[Extracted data entries]
◆ ◆ ◆ ◆

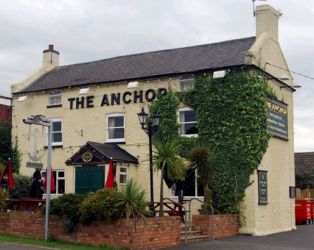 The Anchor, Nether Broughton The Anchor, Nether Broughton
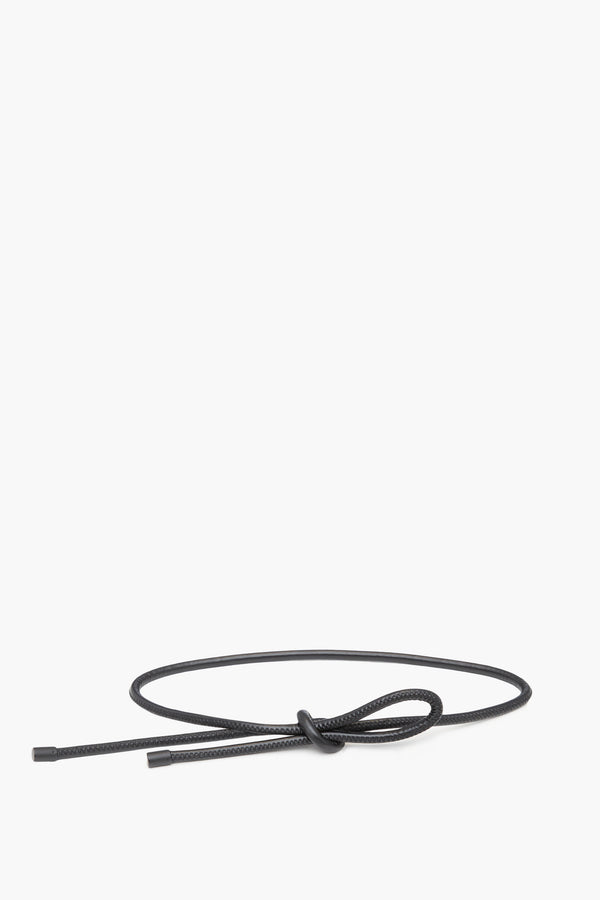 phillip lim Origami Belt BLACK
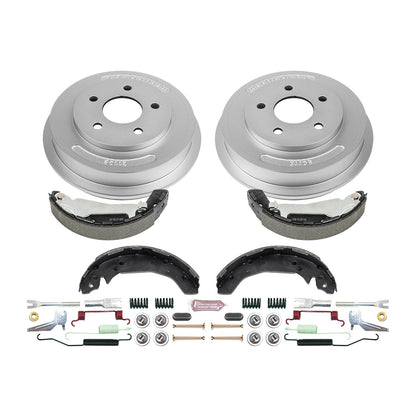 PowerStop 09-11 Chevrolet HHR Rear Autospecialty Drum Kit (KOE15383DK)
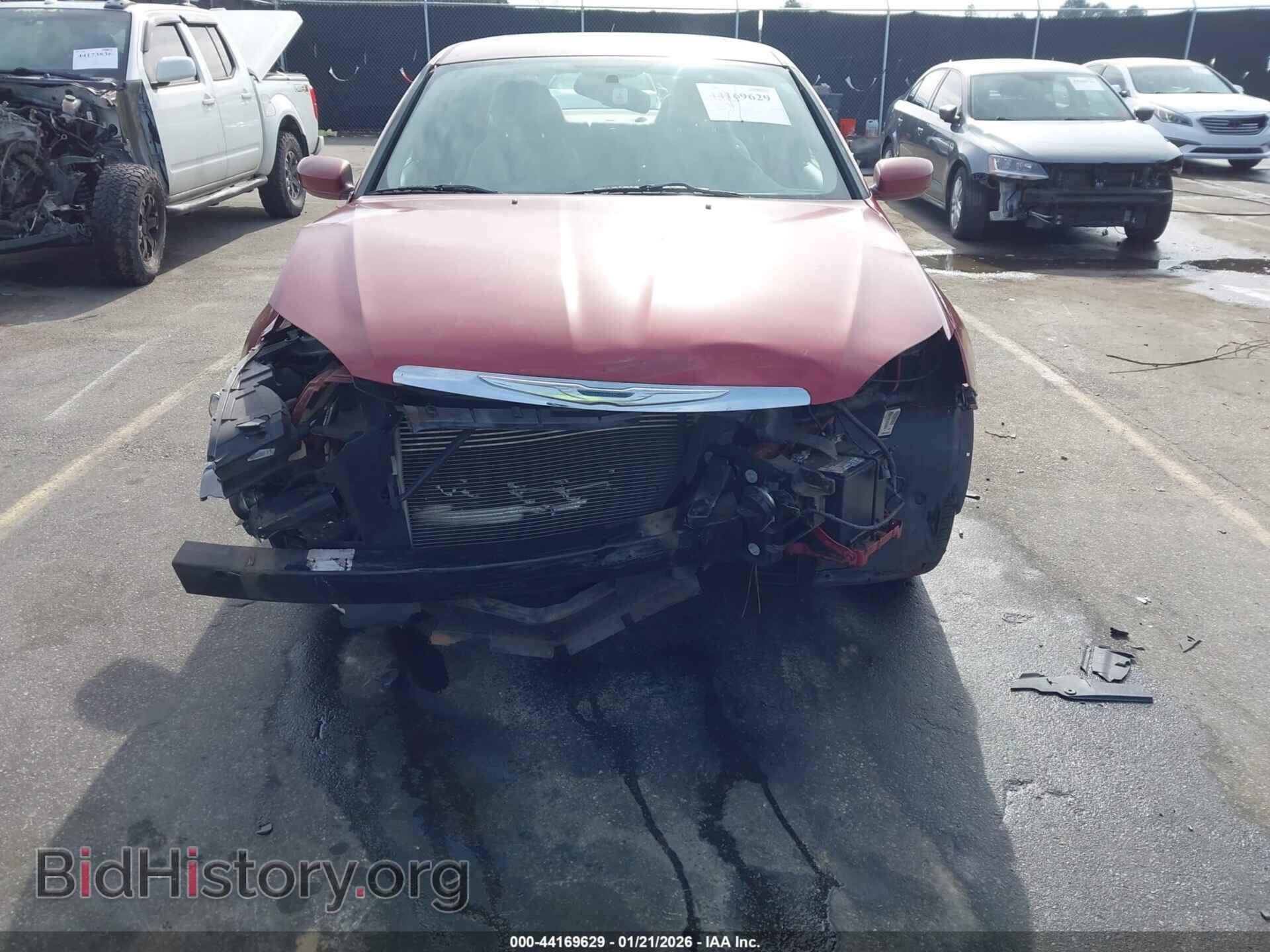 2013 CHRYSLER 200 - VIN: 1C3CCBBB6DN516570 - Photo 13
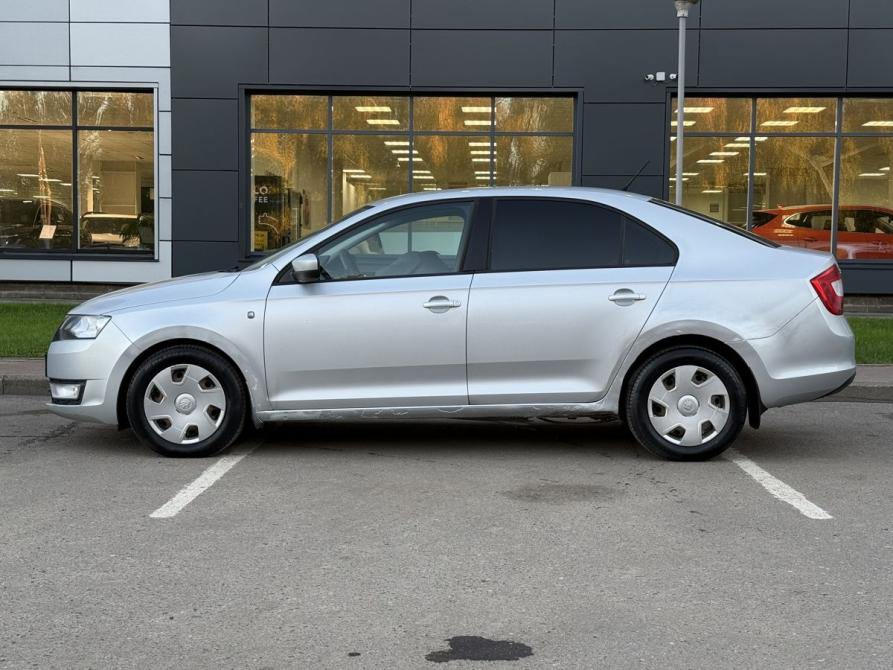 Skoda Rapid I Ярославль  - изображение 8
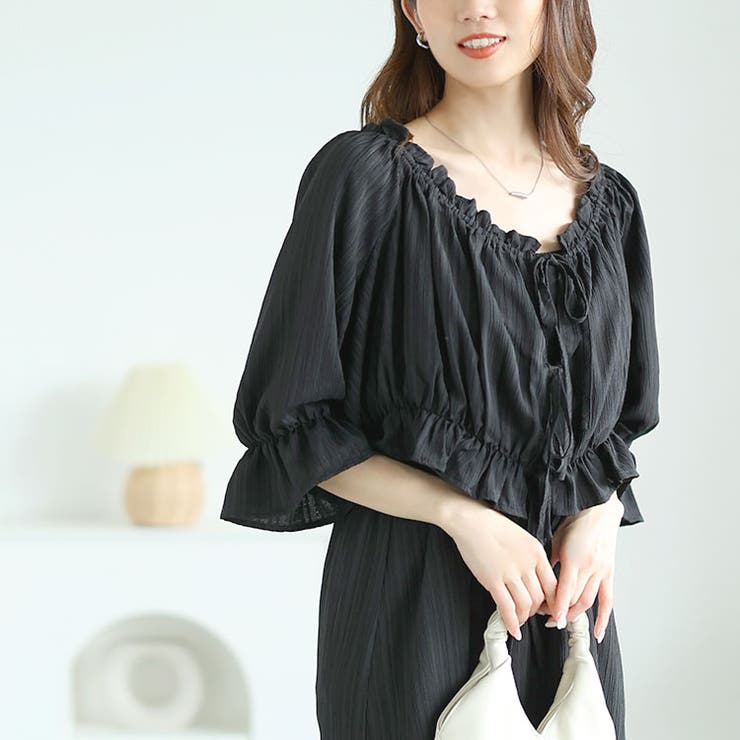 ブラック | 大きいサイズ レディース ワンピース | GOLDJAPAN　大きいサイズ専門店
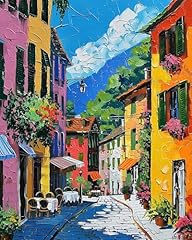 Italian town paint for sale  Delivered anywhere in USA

◆ ◆ ◆ ◆

■ **Directions**
Leaving out the pictures, print every record exactly as written.

■ **Result below**
 The Anchor, Nether Broughton The Anchor, Nether Broughton
 phillip lim Origami Belt BLACK
 PowerStop 09-11 Chevrolet HHR Rear Autospecialty Drum Kit (KOE15383DK)
 2013 CHRYSLER 200 - VIN: 1C3CCBBB6DN516570 - Photo 13
 Skoda Rapid I Ярославль  - изображение 8
 ブラック | 大きいサイズ レディース ワンピース | GOLDJAPAN　大きいサイズ専門店
 Italian town paint for sale  Delivered anywhere in USA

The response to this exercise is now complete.